The exact techniques used will depend on the change, and must be considered each time the schema changes. After a while, this becomes a habit, and ideally more and more business logic moves into the application layer (whilst storage and consistency logic remains the purview of the database).

Let’s take the example of adding a new column. In this new world, we simply add a database migration to add the new column, and either ensure that it’s nullable, or that it has a sensible default value. We then deploy this change. The application can then take advantage of the column.

Let’s take stored procedures. If we’re adding new optional parameters, then we can just change the procedure, since this is a safe change. If, however, we are adding new required parameters, or removing existing ones, we would create MyProcedure_V2, and deploy it.

Let’s say we want to remove a column – how do we do this? The simple answer is that we don’t, until we’re sure that no code is relying on it. We instead mark it as obsolete wherever we can, and gradually trim off all references until we can safely delete it.

And this benefits us… how?

The biggest benefit to this approach, besides training for microservices, is that you should now be able to run multiple versions of your application concurrently, which in turn means you can start deploying more often to preview customers and get live feedback rather than waiting for a big-bang, make-or-break production deployment.

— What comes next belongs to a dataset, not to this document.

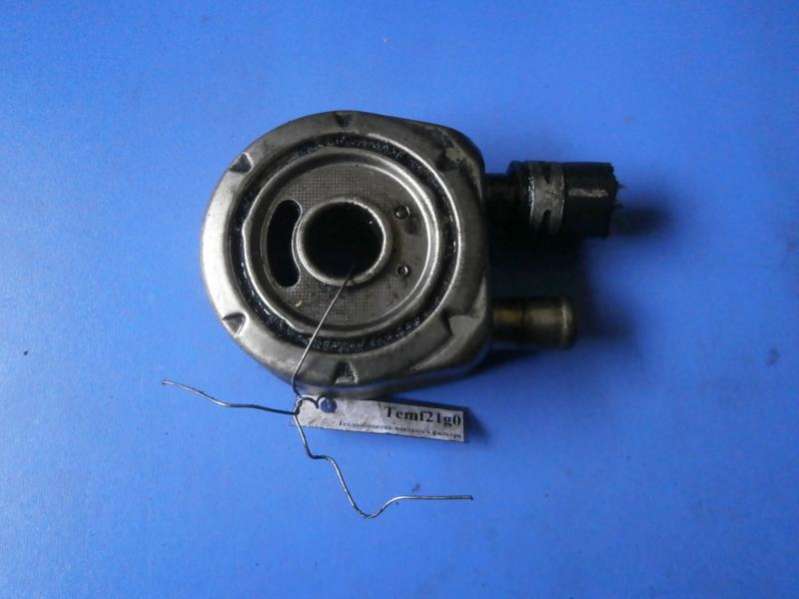 93FF-6B856-AA Теплообменник масляного фильтра Ford Mondeo 2 поколение 1998г. | Фото № 1 93FF-6B856-AA Теплообменник масляного фильтра Ford Mondeo 2 поколение 1998г. - Фото 1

It also means that you’re doing less during your deployments, which in turn makes them safer. In any case, application-tier deployments tend to be easier, and are definitely easier to roll back.

By deploying database changes separately, the riskier side of change management is at least isolated, and, if all goes well, invisible to end users. By their very nature, safe, non-breaking changes are also usually faster to run, and may even require no downtime.

Apart from all that, though, your team are now performing the sort of change management that will be required for microservices, without breaking up the monolith, and without a huge amount of up-front investment. You’re learning how to manage versions, how to mark APIs as obsolete, how to keep services running to maintain uptime, and how to run a system that isn’t just a single “thing”.

Conclusion

If your team has up until now been writing and maintaining a monolith, you aren’t going to get to serverless/microservice/containerised nirvana overnight. It may not even be worth it.

Rather than investing in a large-scale new architecture, consider testing the water first. If your team can manage to split off your database layer from your main application, and manage its lifecycle according to a separate deployment strategy, handling all versioning and schema issues as they arise, then you may be in a good position to do that for more of your components.

On the other hand, maybe this proves too much of a challenge. Maybe you don’t have enough people to make it work, or your requirements and schema change too often (very, very common for internal line-of-business applications). There’s nothing wrong with that, and it doesn’t imply any sort of failure. It does mean that you will probably struggle to realise any benefit from services, micro or otherwise, and my advice would be to keep refactoring the monolith to be the best it can be.